Please reproduce all the data exactly as written and omit the pictures.

— DATA SECTION —

####################

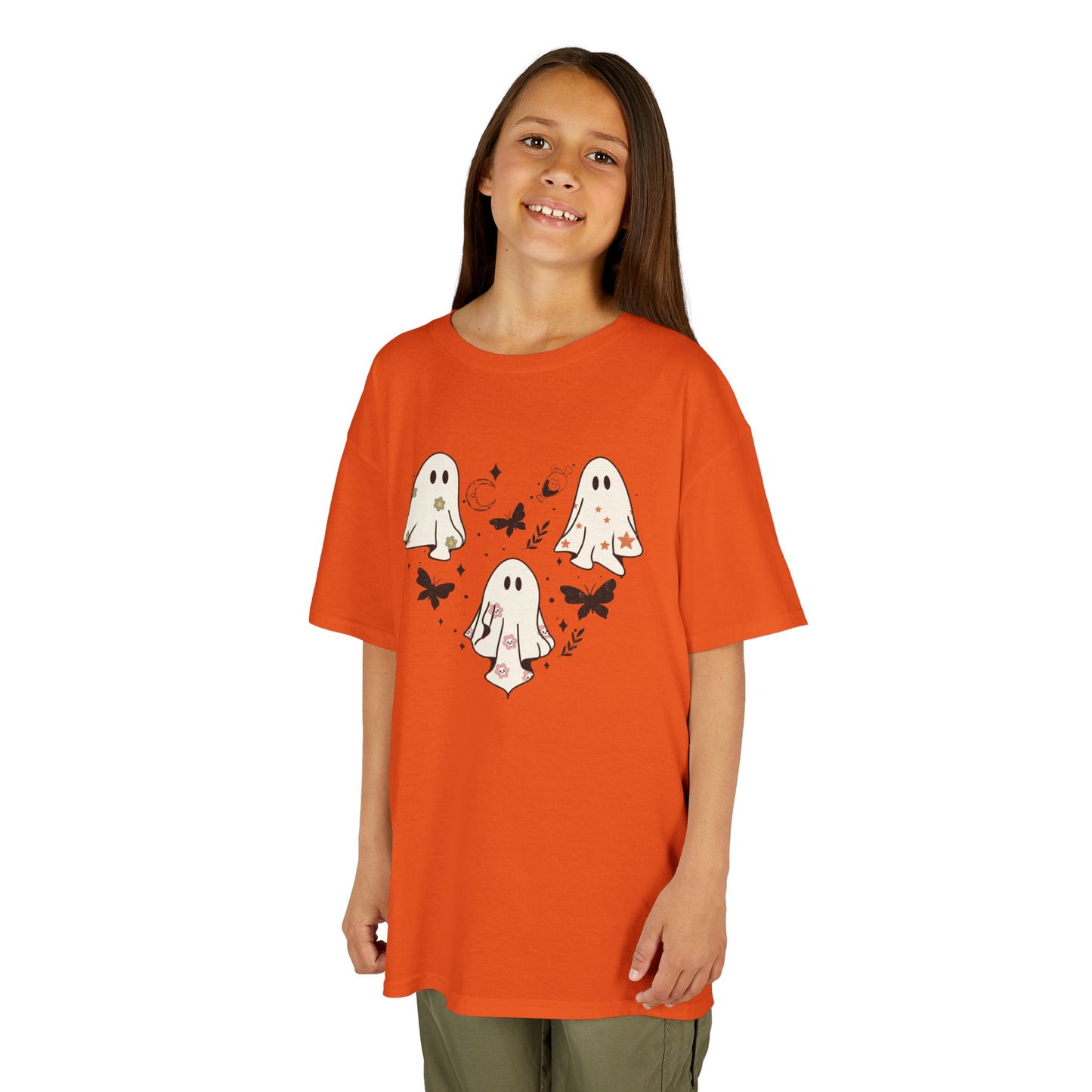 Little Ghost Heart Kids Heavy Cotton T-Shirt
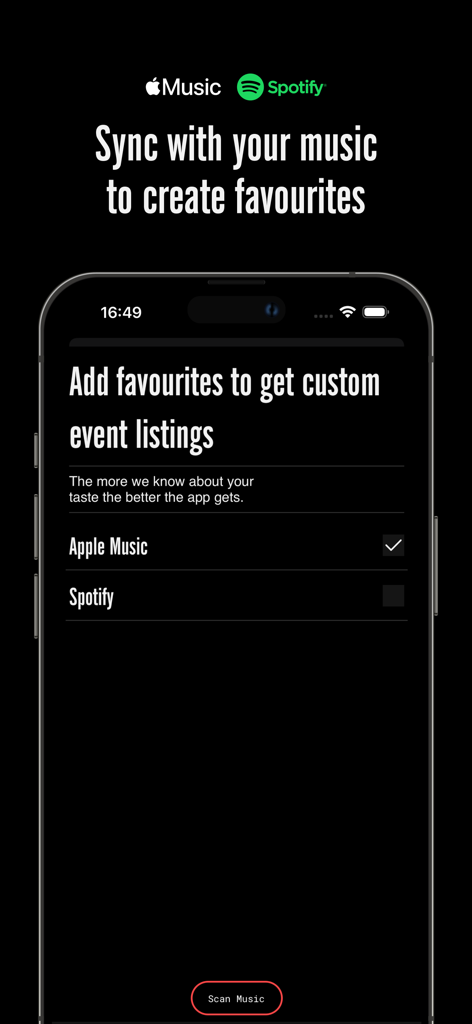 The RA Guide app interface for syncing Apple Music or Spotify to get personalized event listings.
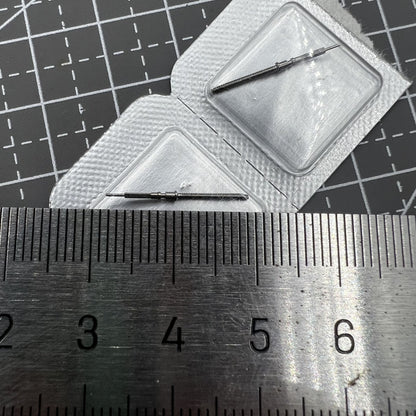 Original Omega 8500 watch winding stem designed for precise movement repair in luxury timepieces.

####################

— RESPONSE —
 Little Ghost Heart Kids Heavy Cotton T-Shirt
 The RA Guide app interface for syncing Apple Music or Spotify to get personalized event listings.
 Original Omega 8500 watch winding stem designed for precise movement repair in luxury timepieces.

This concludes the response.